Leichenfunde in Kenia: Massenmorde im Namen Jesu

Ein christlich-fundamentalistischer Sektenführer in Kenia predigte Todesfasten, um Jesus Christus näherzukommen. Über 100 Kinder verhungerten.

Uniformierte mit einer Trage

Polizisten bergen die Toten von Shakahola Foto: ap

BERLIN taz | Wer lässt die eigenen Kinder und Enkel verhungern und verdursten und erstickt sie, wenn sie nur noch Haut und Knochen sind? Anhängern der christlich-fundamentalistischen „Good News International Church“ in Kenia wird dies vorgeworfen, und das ganze Land ist entsetzt, seit Mitte April die Polizei vier tote und elf halbtote Menschen aus einem Waldstück barg, das zur Farm des Sektenführers Paul Mackenzie Nthenge gehörte – ein Fernsehprediger, der Todesfasten predigte, um im Jenseits Jesus Christus zu treffen. Seine Fans nahmen das wörtlich – jedenfalls für ihre kleinen Kinder und Enkel.

Mittlerweile wurden 109 Leichen im Wald von Shakahola geborgen.

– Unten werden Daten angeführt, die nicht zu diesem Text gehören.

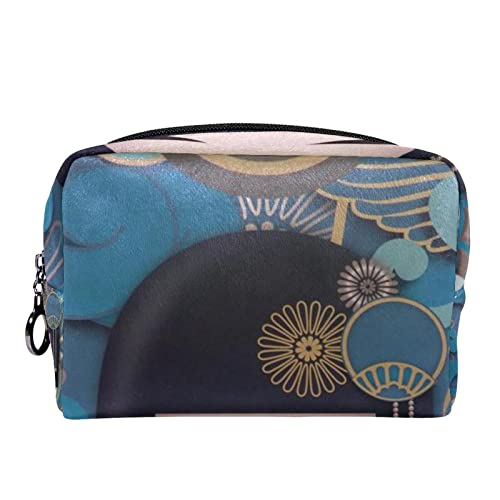 Kleine Make-up-Tasche für Frauen,Reise-Kosmetiktasche,Mädchen im japanischen Stil,Kosmetik-Make-up-Organizer zum Mitnehmen von suojapuku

Am Dienstag wurde Mackenzie einem Haftrichter vorgeführt, des Terrorismus angeklagt und in ein Hochsicherheitsgefängnis in der Küstenmetropole Mombasa gebracht – wie sonst nur islamistische Terroristen. „Was wir in Shakahola sehen, gleicht dem Terrorismus“, erklärte vergangene Woche Kenias Präsident William Ruto und sagte allen den Kampf an, die „im Namen von Religion inakzeptable Ideologien verbreiten“.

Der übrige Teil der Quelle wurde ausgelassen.